Son dernier mot ? « Qu’on n’objecte pas, comme le font quelques socialistes, qu’il est puéril et vain d’invoquer la justice, que c’est une idée toute métaphysique et ployable en tout sens, et qu’en cette pourpre banale toutes les tyrannies se sont taillé un manteau. Non, dans la société moderne le mot de justice prend un sens de plus en plus précis et vaste. Il signifie qu’en tout homme, en tout individu, l’humanité doit être pleinement respectée et portée au plus haut. » Mieux, encore qu’autrement plus discutable, ou insupportable, aujourd’hui : « C’est le socialisme seul qui donnera à la Déclaration des droits de l’Homme tout son sens et qui réalisera tout le droit humain3. »

1) Voir Jean Jaurès, Rallumer tous les soleils.

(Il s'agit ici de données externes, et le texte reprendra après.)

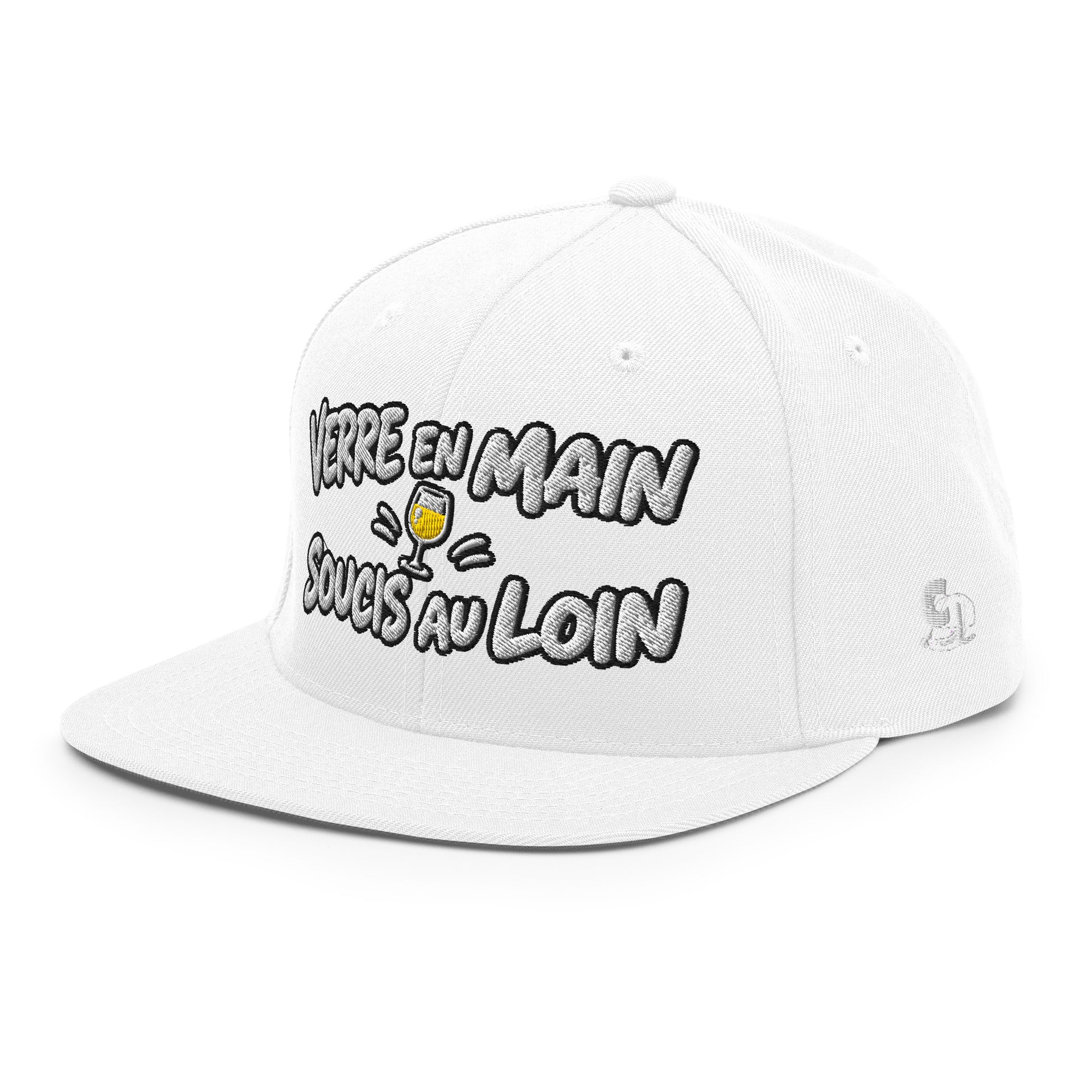 Casquette Snapback, brodée « Verre en main, souci au loin », vue de trois quarts, image 108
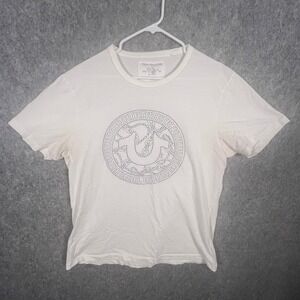 True Religion Men's White Rhinestone Buddha Horseshoe Logo T-Shirt XL World Tour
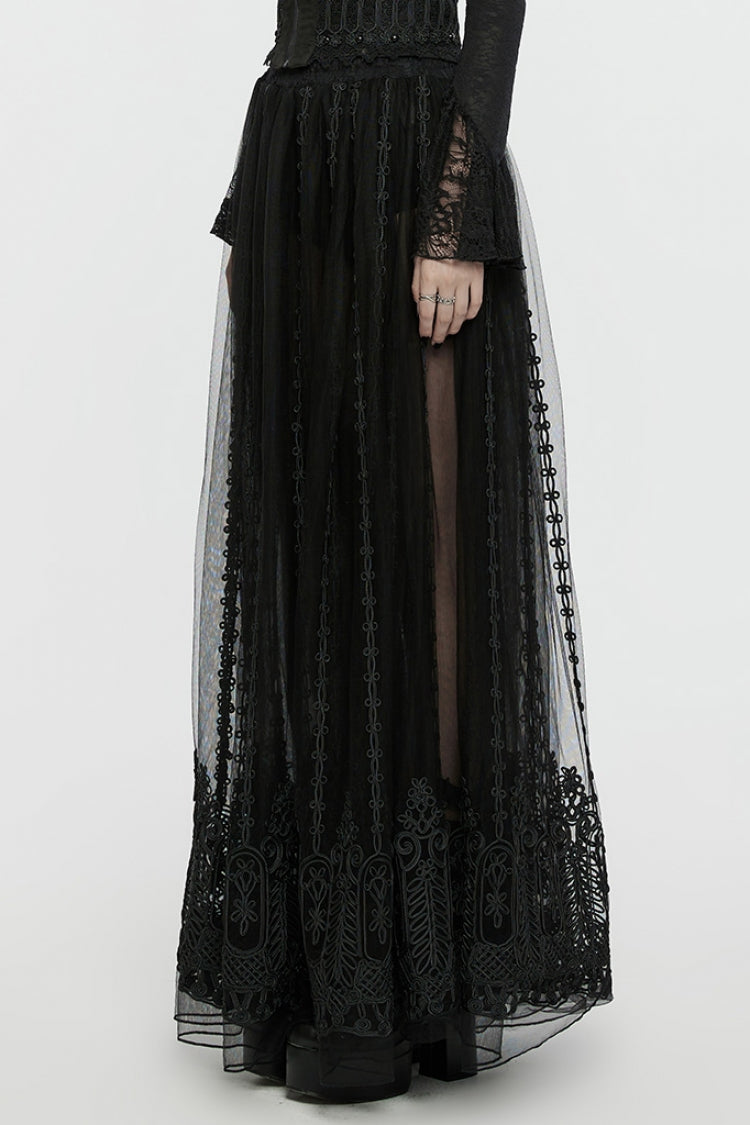 Black Floral Embroidery Mesh Women's Gothic Skirt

Textes choisis et présentés par Jean-Pierre Rioux, Paris, Omnibus, 2006, p. 121. Voir aussi Jean-Pierre Rioux, Jean Jaurès, Paris, Perrin, 2005.

2) Voir Jean Jaurès, Libertés. Présentation de Gilles Candar, Paris, Ligue des droits de l’Homme et EDI, 1987, partie 1, « Jaurès et les droits de l’Homme », pp. 19-66.

3) Cité par Vincent Peillon, Jean Jaurès et la religion du socialisme, Paris, Grasset, 2000, pp. 176-181.


Article écrit par Jean-Pierre Rioux.

Article paru dans le numéro 140 d’Alternatives non-violentes.